• **Work required**: Below are records with pictures; copy word for word only the lines between the line with "Korean Dress Girls" and the line with "Femme Et Enfants", inclusive, and drop the pictures.

:: Entries shown ::

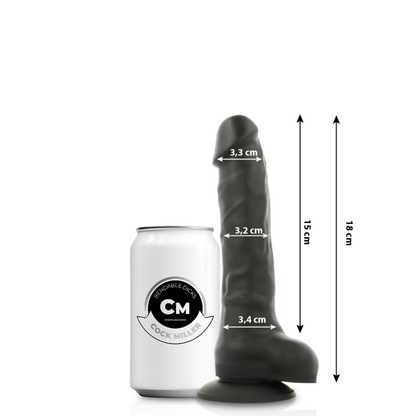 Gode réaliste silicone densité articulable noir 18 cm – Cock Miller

:::
:: Entries shown ::

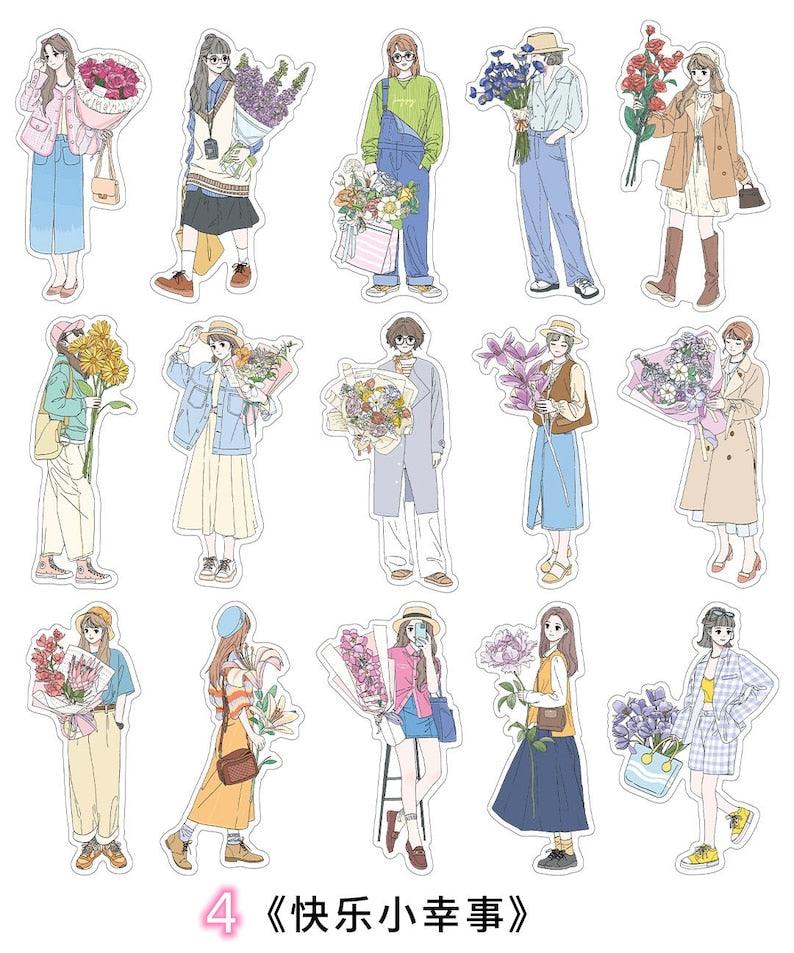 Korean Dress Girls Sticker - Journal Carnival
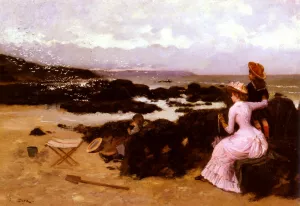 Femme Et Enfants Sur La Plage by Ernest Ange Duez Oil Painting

:::

• **Completed exercise**:
 Korean Dress Girls Sticker - Journal Carnival
 Femme Et Enfants Sur La Plage by Ernest Ange Duez Oil Painting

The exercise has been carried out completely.